Dear Gossips,  

Here’s another sign that we might be in the most f-cked up timeline – the show that was supposed to be the least messy, the most organised, a show that was all about showing your work, is currently a total sh-tshow, the opposite of good work: Jeopardy! and the whole Mike Richards mess.  

 

On the other hand, a person who has been showing her work is Claire McNear for The Ringer, whose reporting on the Jeopardy! situation and Mike Richards’s qualifications to take over as permanent host succeeding the icon Alex Trebek – or lack thereof – has been the driving source behind what has ensued. As the kids say these days, Claire understood the assignment and her assignment ended up exposing to the audience that Mike Richards does not get the assignment.  

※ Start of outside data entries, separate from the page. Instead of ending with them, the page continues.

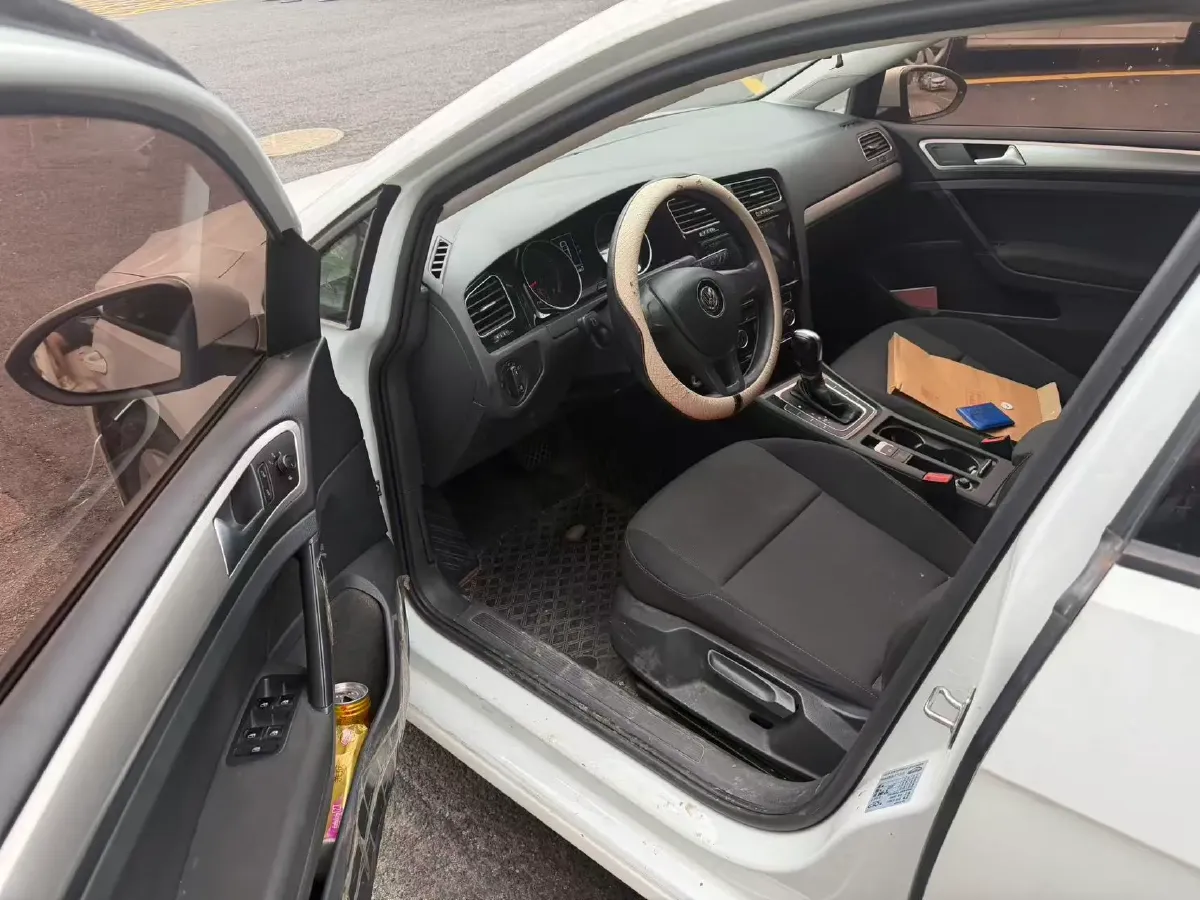 2019 Volkswagen Golf 1.6L 110HP L4 6AT,autocango,china used car exporter,china ev exporter,chinese used car exporter,chinese used ev exporter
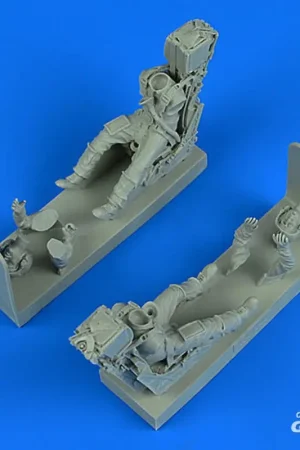 Bestel Nu Duitse Luftwaffe piloot a.Opertor wi.ej.seats f.Panavia Tornado IDS / ECR f.Revell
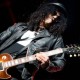 Slash: aggressione sventata sul palco durante il concerto di Milano. Ecco il video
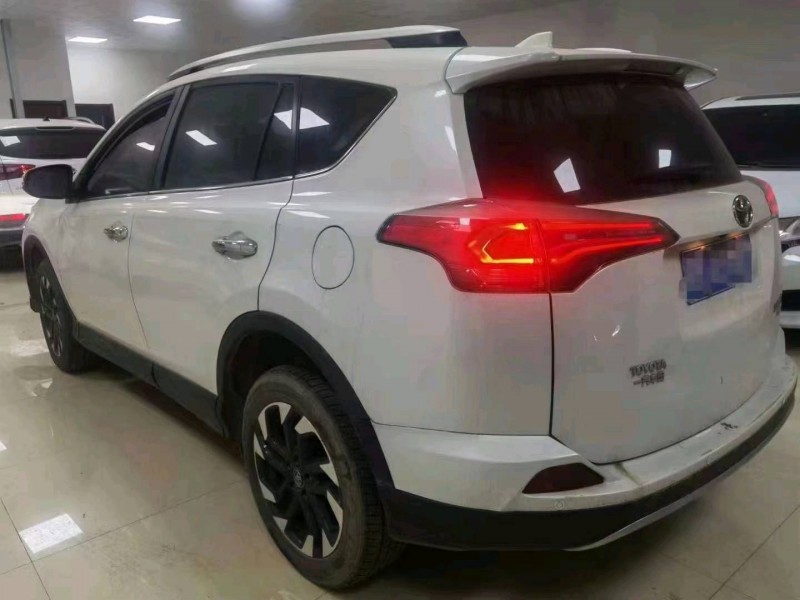 邯郸17年丰田RAV45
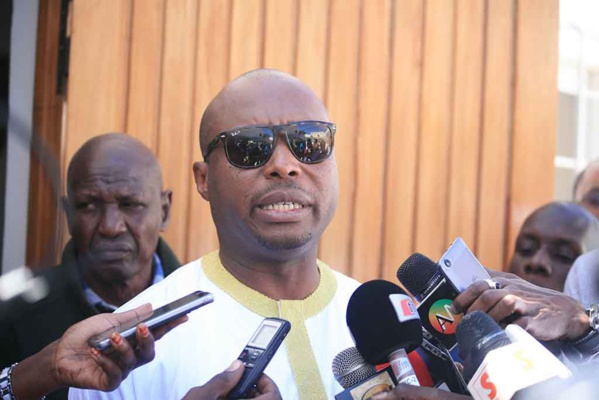 Barth promet l’enfer à Moussa Sy : il va siéger 15 jours aux Parcelles Assainies Barth promet l’enfer à Moussa Sy : il va siéger 15 jours aux Parcelles Assainies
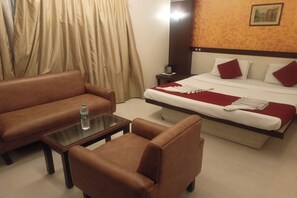 Suite | Escritorio, wifi gratis, ropa de cama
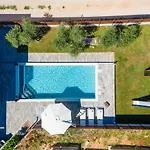 Villa Olea With Heated Pool And Jacuzzi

But this is not just on Mike Richards. I mean, yeah, as the executive producer of Jeopardy! and someone who we now know always actually wanted to be on camera, in any capacity, Mike Richards is shady as f-ck. But there was poor decision-making on the part of the people above him too. A production company and a television studio signed off on this. And now the fans feel betrayed, along with, reportedly, many Jeopardy! staff members who feel blindsided by this whole process  

 

As Josef Adalian notes in a piece for Vulture published yesterday, this has resulted in the tarnishing of the Jeopardy! reputation, so much of which was built by the stalwart legend that was the face of it for so many decades. Alex Trebek was such a fixture, so effective and beloved, specifically because he always prioritised the show over his own spotlight. It was Alex who was always the first crusader for the quality of the show and its values (study, strategy, and speed), over and above his own celebrity. Alex was in it for the work, and if the work was great, well then he didn’t have to worry about his career and his fame.  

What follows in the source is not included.